Off-Campus Courses: Some courses taken outside Brown (e.g., in study abroad programs) may be used for credit towards the concentration if the material covered directly corresponds to that taught in Brown courses, or is relevant to the complementary curriculum. Such courses will be approved each semester by the concentration advisor.

Honors

The Urban Studies Honors Program is intended for students who have been highly successful in their Urban Studies concentration coursework and who want the opportunity to pursue a research project in more depth than is possible in an undergraduate seminar. Such a project requires a high degree of initiative and dedication.

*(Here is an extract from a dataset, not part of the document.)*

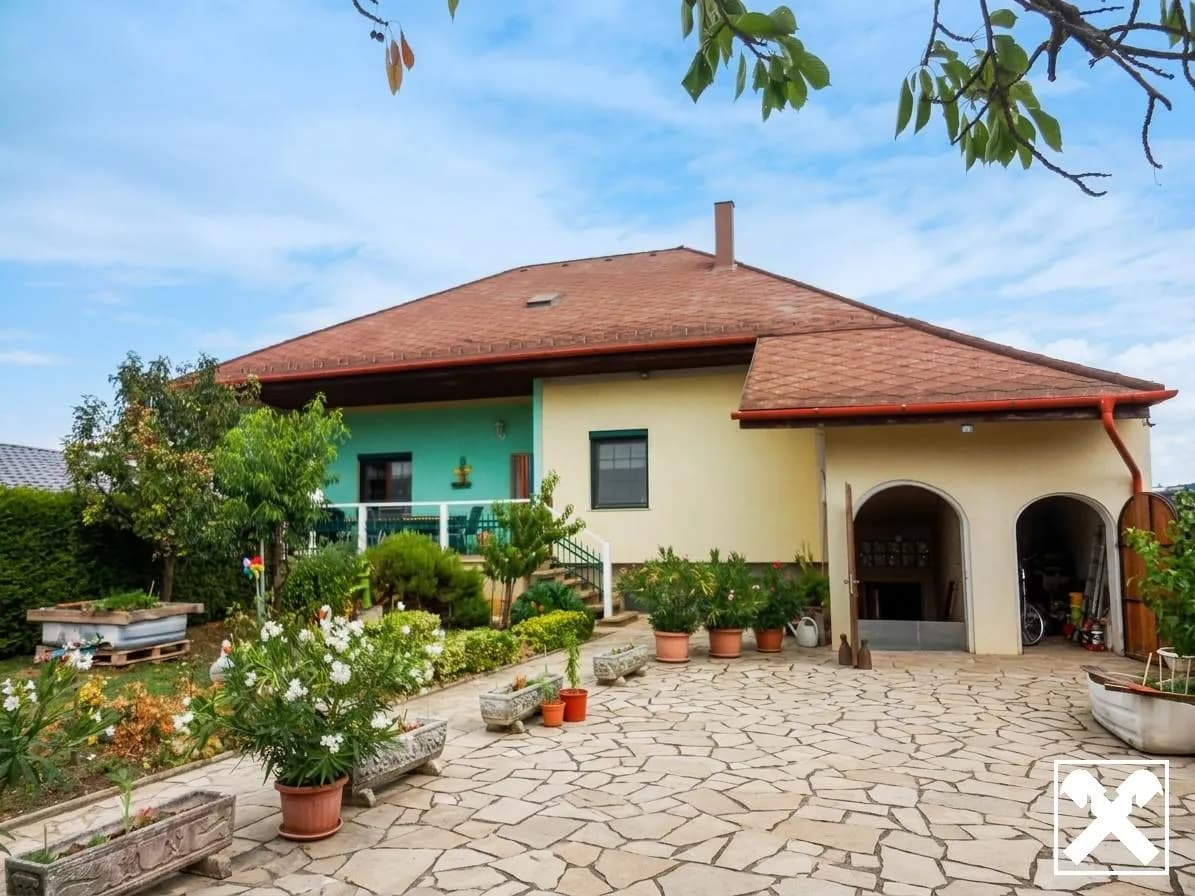 4-Zimmer-Haus kaufen in Eisenstadt - Umgebung – 170 m², € 590.000 – Bild 1 von 18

It also requires significant amounts of time and energy, as well as demonstrative skills in research and writing. Students must apply in the middle of the second semester of their junior year. (This applies to students who will complete the degree requirements in December, as well as May.) The student's honors application must include a brief research proposal, a list of completed urban coursework, and must be signed by a faculty member willing to serve as the student's honors advisor.  During the Fall and Spring of the senior year, honors candidates must complete two additional courses beyond the ten courses required for the concentration: URBN 1971 Senior Honors Thesis I in Urban Studies(S/NC) and URBN 1972 Senior Honors Thesis II in Urban Studies (grade). The candidate's final thesis must be of outstanding quality, in order to qualify for honors.